Não muitos meses depois, Artur José Pereira voltou à ribalta (por causa das suas já «famosas rebeldias). Pedro Franco, o dono da Farmácia Franco (onde se fundara o Sport Lisboa…) dera-lhe emprego na farmácia, o emprego não era bem emprego, o que se dizia era: «O que o Artur José tinha fazer, pouco era. A maior parte do tempo passava-o com o patrão, que não escondia a admiração que tinha pelo seu jeito para a bola, a jogar bilhar numa loja próxima ou a conversarem sobre futebol no café ao lado…»

 

Depois de ter levado o Benfica a campeão de Lisboa de 1913/1914, anunciou-se que o clube o suspendera por seis meses, Cosme Damião justificou-o assim: «De um instante para o outro, Artur José Pereira recusou-se a treinar como qualquer outro jogador.» Sabendo-o castigado, por sugestão de Francisco Stromp, José Alvalade desafiou-o para o Sporting, oferecendo-lhe 36 escudos por mês. Artur José Pereira tornou-se, assim, o primeiro o primeiro futebolista assumidamente remunerado da história de Portugal (contrato assinado nunca houve, houve apenas entre ele e Stromp acordo de palavra e isso bastou…) — e outros privilégios lhe couberam: «prioridade no uso da única banheira de água quente do estádio» e, para que a «pirraça aos benfiquistas fosse maior ainda», ainda se decidiu «nomeá-lo para o honroso cargo de capitão de equipa» (disse-se).

 

(36 escudos por mês era fortuna? Depende.
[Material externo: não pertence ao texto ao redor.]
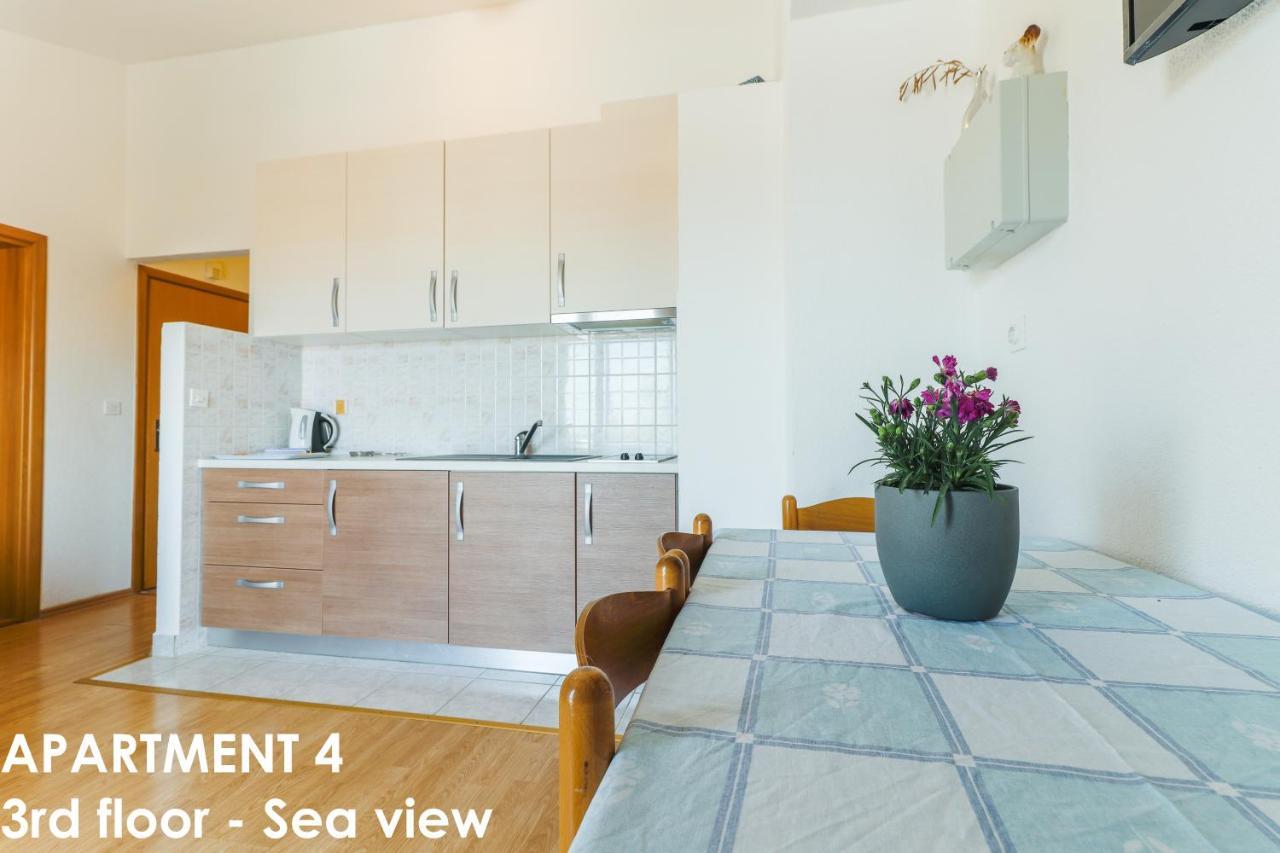 Beautiful Sea View Apartments - Niko Ceko Врсар Екстер'єр фото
Francisco Lázaro, o maratonista que sonhara ganhar os Jogos Olímpicos e morrera em Estocolmo - ao deixar Lisboa ganhara 6 tostões por dia como carpinteiro no Bairro Alto, fazendo 25 dias de trabalho ficava com 15 escudos. E pela sua vitória no Concurso Hípico do Porto, o capitão Lusignan de Azevedo ganhou 500 escudos de prémio. E por 12 escudos vendia-se o Zodiac, aparelho de electro-massagem, que os fabricantes garantiam «curar nevralgias e reumatismos, ciáticas e lumbagos, gota e dor de estômago, desfazer perturbações nervosas e rugas e pés de galinha - e alindar os seios das senhoras, renovando-lhe e conservando-lhe a firmeza»...)

 

A razão do corte com o Benfica, Artur José Pereira (que em 1946 Cândido de Oliveira consideraria em A BOLA o melhor jogador português de todos os tempos) deu-a singelo:

 

- Quiseram castigar-me, beliscaram a minha dignidade, fui-me embora...

 

e, logo nesse ano de 1914, campeão de Lisboa já não foi o Benfica, foi o Sporting.